Stella felt nothing near her, could feel no man or beast or spirit lurking under the rain, no hand crept towards hers. She could not even feel or hear his breathing, only the steady turning of the axletree. No man in the world, sitting as Cromwell sat, soft felt brim curling with rain, fine straight features and wide nostrils drinking in the lavender, no such man or leader of men could have caused a single ripple in her even tone.

“Why didn’t you stay home, in your English home?” Her hair was becoming damp and heavy.

“Home? Why I don’t really have a home, and in fact, I don’t believe anyone has.” Now, with a change of wind, she could smell his scented breath, but he was foreign, unreal, was a humor she could brush away with her white hand. “I feel that I am one of those middle-aged men whom, in a little while, people will call an expatriate.” In full light he looked a little old, resembled a smart but tottering wolfhound guarding its own grave. And Cromwell, like a change of mind or a false impression, like an unexpected meeting or a mistake in the dark, filled Ernie’s place and caused in Stella a fleeting disbelief; she expected to see the lacerated face aloof in the corner of her carriage. He rode as an Archduke, unconsciously wiping the rain from his waistcoat, smiling slightly with lonely intoxication. Stella looked beyond the figure of the fat coachman to see the angular street unwind.

“I think that everyone has a home.” Her voice was musical like the axletree.

When he spoke, it was not quite as if he wanted to talk to her. His throat was hidden by an upturned flowing collar.

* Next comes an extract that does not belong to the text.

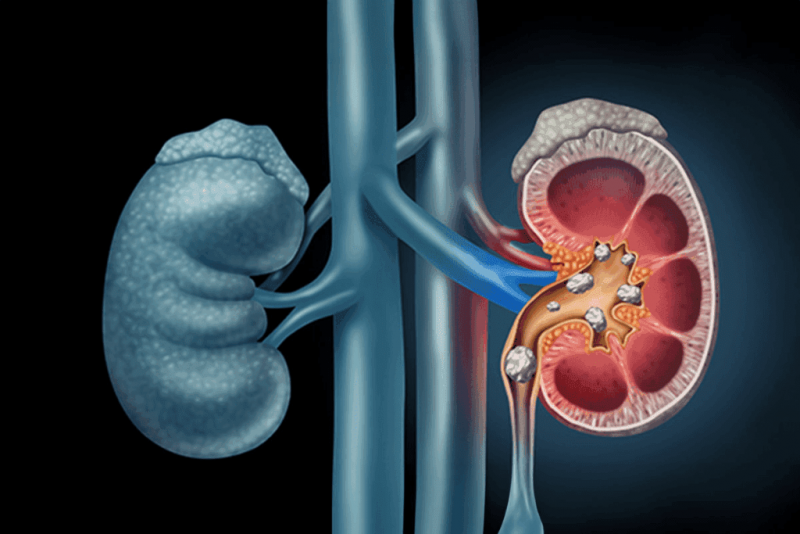 Best Herbs for Kidney Stones – Natural Relief with Medilux Ayurveda:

“I, for one, don’t even remember my mother’s face. England is a land of homeless people, but the Germans, though just as homeless, are a little slow in realizing it. And besides, they have a beautiful capacity for ideals of conquest, a traditional heroism.” His mouth was becoming heavy with a very sour taste of sleep, a taste of finding it still dark beyond the raised shade, the sourness accumulated from many unwanted meals, and still he kept his head in a smiling manner, looked into the flowering darkness with a pleasant friendly way of practiced youth.